Single‐layer PTLs are typically macroporous substrates fabricated from carbon materials. Commercial nonwoven carbon PTLs, such as those from Toray, Freudenberg, Avcarb, and Sigracet, are available in various thicknesses and PTFE contents and have been used extensively in numerous electrochemical studies [134]. However, single‐layer PTLs have drawbacks such as susceptibility to flooding, limited durability, and mechanical instability. Flooding occurs when the electrolyte blocks gas pathways, thus reducing the electrochemical reaction efficiency [135, 136]. The absence of an MPL in single‐layer PTLs renders water management challenging and leads to performance instability. Additionally, the hydrophobicity of these PTLs degrades over time, exacerbating flooding and leading to microcracks and structural weaknesses that compromise their mechanical integrity during long‐term operation [105]. Consequently, single‐layer PTLs are increasingly being replaced by more advanced multilayer designs.

Multilayer PTLs have been developed to mitigate flooding in fuel cells [137, 138]. These PTLs consist of an MPL applied over a macroporous carbon layer [139]. The MPL is a thin layer with small pores and typically comprises carbon black powder mixed with hydrophobic agents such as PTFE [140, 141, 142]. This composite structure exhibits hydrophobicity superior to that of the single‐layer designs, effectively preventing flooding by maintaining a balance between gas and liquid phases at the electrode interface [143]. The incorporation of an MPL not only prevents flooding but also increases the surface area and improves the interfacial electrical connections, thereby enhancing the overall electrode performance.

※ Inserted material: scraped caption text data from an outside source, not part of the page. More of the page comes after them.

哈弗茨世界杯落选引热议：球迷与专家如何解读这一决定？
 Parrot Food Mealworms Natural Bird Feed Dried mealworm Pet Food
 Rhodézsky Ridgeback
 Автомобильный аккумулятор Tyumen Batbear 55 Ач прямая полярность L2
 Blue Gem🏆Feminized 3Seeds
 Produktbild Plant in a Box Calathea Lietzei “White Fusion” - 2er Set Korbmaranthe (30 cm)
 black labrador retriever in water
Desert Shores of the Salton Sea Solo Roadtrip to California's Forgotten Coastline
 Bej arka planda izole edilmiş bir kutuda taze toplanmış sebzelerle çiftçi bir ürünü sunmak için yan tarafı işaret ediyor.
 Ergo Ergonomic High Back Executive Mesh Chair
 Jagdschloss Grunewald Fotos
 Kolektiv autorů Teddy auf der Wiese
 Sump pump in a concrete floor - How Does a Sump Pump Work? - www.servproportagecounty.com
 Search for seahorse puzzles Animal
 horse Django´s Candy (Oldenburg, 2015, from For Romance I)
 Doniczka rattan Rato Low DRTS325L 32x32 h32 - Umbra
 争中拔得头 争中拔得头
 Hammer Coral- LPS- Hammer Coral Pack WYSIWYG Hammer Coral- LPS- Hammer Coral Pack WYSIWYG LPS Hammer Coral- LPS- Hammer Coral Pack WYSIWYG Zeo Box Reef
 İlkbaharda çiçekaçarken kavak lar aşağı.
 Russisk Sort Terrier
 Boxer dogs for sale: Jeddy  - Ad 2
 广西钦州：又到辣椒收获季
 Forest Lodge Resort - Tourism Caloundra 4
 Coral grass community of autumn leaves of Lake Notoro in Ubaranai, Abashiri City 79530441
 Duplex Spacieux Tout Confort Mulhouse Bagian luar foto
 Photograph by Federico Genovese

Samu et al. systematically evaluated the performance of 20 commercially available PTLs in the CO₂RR using an MEA [144]. In Figure 7A, the structure of various commercially available carbon‐based PTLs has been systematically characterized using X‐ray computed tomography, revealing distinct differences in porosity, fiber orientation, and MPL coverage. Furthermore, these structural variations, such as the presence or absence of an MPL, the degree of PTFE loading, and the anisotropy in carbon fiber alignment, can significantly influence CO₂ electroreduction performance, as demonstrated through quantitative correlations between GDL architecture and catalytic activity, selectivity, and mass transport characteristics (Figure 7B). The PTLs with an MPL exhibited significantly higher CO₂RR selectivity than that of the MPL‐free variants, achieving over 90% FE for CO production. Moreover, thicker PTLs demonstrated more stable performance during long‐term electrolysis, and the presence of more cracks facilitated gas and water management [145, 146].

FIGURE 7.

(A) Structure of different commercially available carbon gas diffusion layers observed through X‐ray computed tomography. (B) Comparing commercially available carbon PTL‐based electrodes in the CO₂ reduction reaction at MEA with Ag catalyst. Reproduced with permission [144]. Copyright 2023, Springer Nature. (C) SEM image of Cu nanoparticles sputtered on the PTFE PTL. Reproduced with permission [196]. Copyright 2021, Springer Nature. (D) Sketches of a traditional ePTFE/Cu (top) and ePTFE/NICC/ Cu electrode (bottom). Current collection lines are depicted in blue. (E) Observed selectivity toward ethylene for the three designs at a constant potential of ≈–0.55 V versus RHE. Reproduced with permission [35]. Copyright 2023, Springer Nature.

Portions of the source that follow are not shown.